Lance rolled his eyes at him. “Keeeeith, your boyfriend won’t hand his goods!” Lance whined, pawing at Keith’s shoulder.

“Pfft, Lance, you can’t just say things like that!” Keith laughed, burrowing even deeper on Shiro’s chest. They occupied much of the couch’s space where Shiro sat at the corner and Keith languidly leaning on Shiro’s side with his feet on the remaining space.

They look comfy, Lance thought as he tried to grab Shiro’s bowl.

“No! You’re gonna ruin it with your ice cream!” Shiro refused to hand over the bowl, enjoying the way Lance tried to reach for it.

Shiro has to admit that it was fun hanging out with Lance. It was like he was friends with him too.

They’ve been eating cookies and ice cream for a while now, and he very much enjoyed Lance’s company. Of course it’s also a plus how Lance made Keith smile. He can see now that Keith and Lance truly had years of friendship connecting them in a way that it’s fascinating to watch. Whenever Keith would recall a certain event in their younger years, Lance would smile wide and continue the story with much enthusiasm that all you could do was listen and smile back.

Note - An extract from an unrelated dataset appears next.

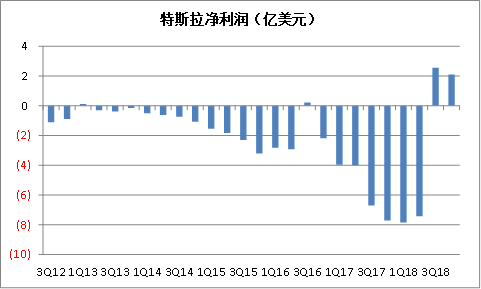 特斯拉中国大降价：一场“一石三鸟”的阳谋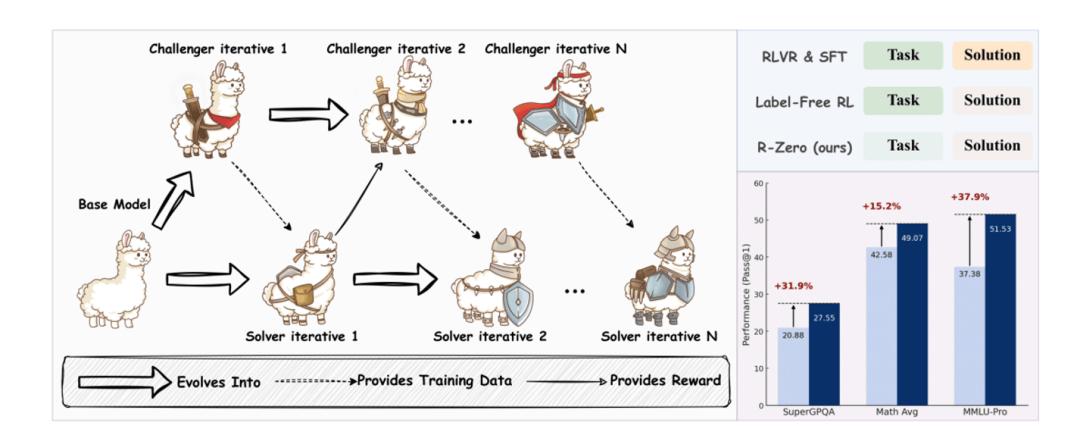 R-Zero 深度解析:无需人类数据,AI 如何实现自我进化?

Given the fact that they had a rocky reunion, you wouldn’t know that they just had a confrontation a while ago with the way they were talking to each other. Keith was relaxed in his arms, laughing and eating melting ice cream. That’s all he could ask for.

“Cmon, Shiro. Pleeease?” Lance leaned in further, his hand digging on the sofa’s surface between his legs and his chest near his. His face was close too and he was struck with how blue his eyes were.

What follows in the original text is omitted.